Она полагала, что при проведенной на деле централизации лишь возрастет «раздвоение между атакующей массой и колеблющейся социал-демократией». Во-вторых, она трактует саму форму организации как нечто органичное, а не как нечто «сделанное». «В социал-демократическом движении организация <…> тоже является историческим продуктом классовой борьбы, в которую социал-демократия лишь вносит политическую сознательность». И эта концепция опять-таки опирается на ее совокупное представление о предстоящем ходе революционного движения, с практическими следствиями которой мы уже столкнулись при критике Розой Люксембург большевистской аграрной реформы и лозунга о праве нации на самоопределение. Она говорит: «Положение о том, что социал-демократия является представительницей всех прогрессивных интересов общества и всех угнетенных жертв буржуазной общественной системы, нельзя истолковывать только в том смысле, что в программе социал-демократии обобщены все эти интересы. Это положение становится истиной, когда воплощается в историческом процессе развития, благодаря которому социал-демократия также как политическая партия все больше и больше становится прибежищем различных недовольных элементов, действительно становится партией народа против мизерного меньшинства господствующей буржуазии». Отсюда ясно, что, по мнению Розы Люксембург, исподволь «органически» возникают фронты революции и контрреволюции (еще до того, как становится актуальной сама революция), и что партия становится организационным сборным пунктом всех слоев, приведенных в движение ходом развития и противопоставленных буржуазии. Главное состоит лишь в том, чтобы при этом не была разжижена, не приняла мещанского характера идея классовой борьбы. Здесь может и должна помочь организационная централизация. Но только в том смысле, что она «выступает лишь как внешнее средство воздействия, нужное для оказания руководящего влияния со стороны фактически наличного революционного пролетарского большинства партии».
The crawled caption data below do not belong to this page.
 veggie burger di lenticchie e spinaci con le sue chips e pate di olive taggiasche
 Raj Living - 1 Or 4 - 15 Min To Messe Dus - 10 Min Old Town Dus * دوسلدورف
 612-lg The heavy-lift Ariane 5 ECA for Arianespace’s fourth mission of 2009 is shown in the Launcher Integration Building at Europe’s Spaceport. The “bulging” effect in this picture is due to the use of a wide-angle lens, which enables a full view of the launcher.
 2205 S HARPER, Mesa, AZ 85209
Следовательно, Роза Люксембург, с одной стороны, исходит из того, что рабочий класс будет выступать в революции как сплоченный, объединенно-революционный класс, не зараженный демократическими иллюзиями буржуазного общества и не совлекаемый на ложные пути; с другой стороны, она, по-видимому, предполагает, что мелкобуржуазные слои буржуазного общества, социальному существованию которых смертельно угрожает революционное обострение экономического положения, будут объединяться с борющимся пролетариатом также в партийном смысле, также организационно. Если это предположение правильно, то отсюда очевидным образом следует отказ от большевистской концепции партии, политической основой которой является осознание того, что пролетариат должен проводить революцию хотя и в союзе, но не в организационном единстве с другими выступающими против буржуазии слоями, и что при этом он неизбежно вступает в противоречие с известными пролетарскими слоями, которые борются на стороне буржуазии против революционного пролетариата. Не следует забывать, что причиной первого разрыва с меньшевиками был не только вопрос о партийном уставе, но также проблема союза с «прогрессивной» буржуазной (практически это, между прочим, было равносильно тому, чтобы оставить на произвол судьбы революционное крестьянское движение), проблема коалиции с ней для проведения и закрепления буржуазной революции.
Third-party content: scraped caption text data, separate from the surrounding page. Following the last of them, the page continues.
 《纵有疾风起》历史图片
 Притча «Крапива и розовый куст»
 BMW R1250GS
Здесь проясняется, почему Роза Люксембург, во всех политическо-тактических вопросах шедшая вместе с большевиками против оппортунистических противников, всегда бывшая не только самым настойчивым и ярым, но и также самым глубоким и радикальным разоблачителем всякого оппортунизма, должна была пойти иным путем при оценке опасности оппортунизма и тем самым – при определении методов борьбы с ним. Ибо если борьба против оппортунизма истолковывается исключительно как духовная борьба внутри партии, то ее, разумеется, надо проводить таким образом, чтобы центр тяжести приходился на убеждение сторонников оппортунистов, на достижение большинства внутри партии. Естественно, что вследствие этого борьба с оппортунизмом распадается на ряд изолированных отдельных схваток, в которых вчерашний союзник может стать сегодняшним противником и наоборот. Борьба против оппортунизма как направления при этом вообще не может выкристаллизоваться: сфера «духовных битв» изменяется от вопроса к вопросу, и вместе с ней изменяется состав борющихся групп. (Каутский в борьбе против Бернштейна и в дебатах о массовой стачке; Паннекук в этих дебатах и в споре по вопросу о накоплении; поведение Ленша в этом вопросе и во время войны и т. д.)
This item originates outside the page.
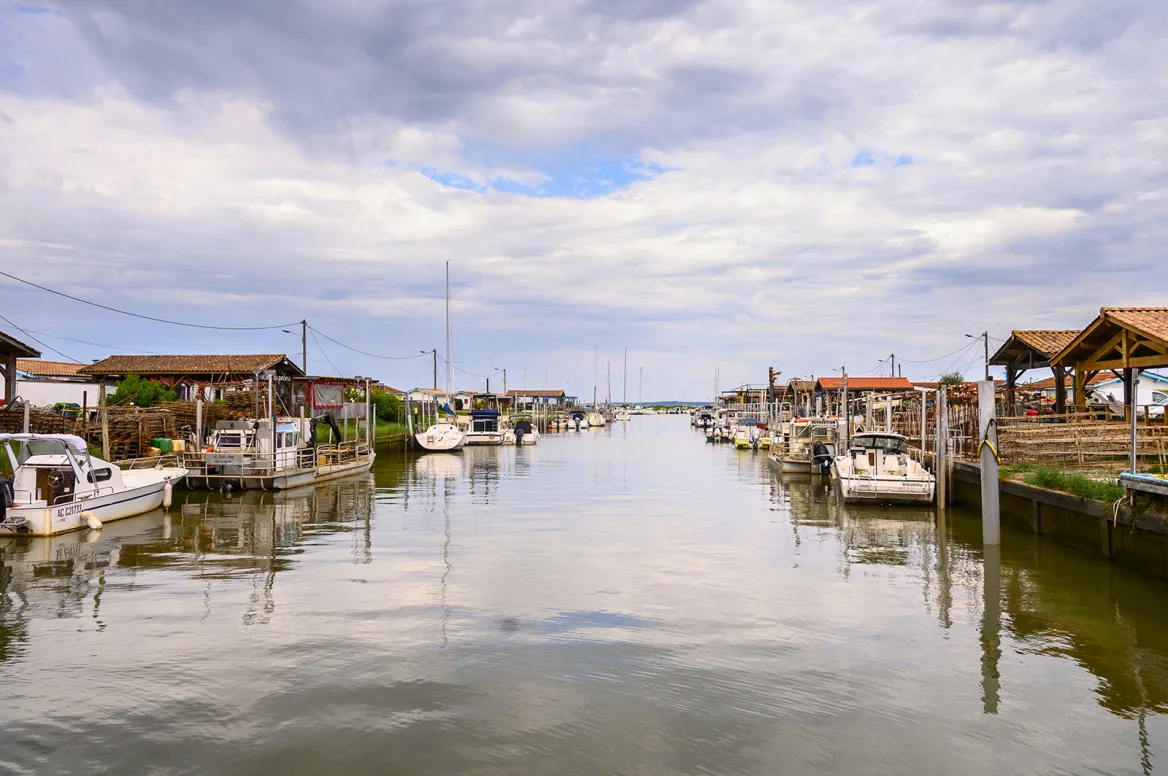 Oyster port of Andernos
Конечно, этот неорганизованный процесс не способен был полностью воспрепятствовать возникновению правого, центристского и левого крыла также и в партиях вне России. Однако чисто случайный характер таких объединений затруднил разработку этих противоречий, их духовное и организационное (а стало быть, и партийное) прояснение и поэтому неизбежно должен был повести к созданию совершенно ложных группировок, которые становились, когда они достигали какого-то организационного упрочения, важными помехами прояснению сознания рабочего класса (Штрёбель в группе «Интернационал»; «пацифизм» как момент отделения от правых, Бернштейн в НСПГ; Серрати в Циммервальде, Клара Цеткин на международной Женевской конференции). Ввиду того, что в Центральной и Западной Европе партийный аппарат большей частью находился в руках правых или центристов, эти опасности еще более усугубились, так как неорганизованная, чисто духовная борьба против оппортунизма очень легко и часто становилась борьбой против партийной формы движения вообще (Паннекук, Рюле и т. д.).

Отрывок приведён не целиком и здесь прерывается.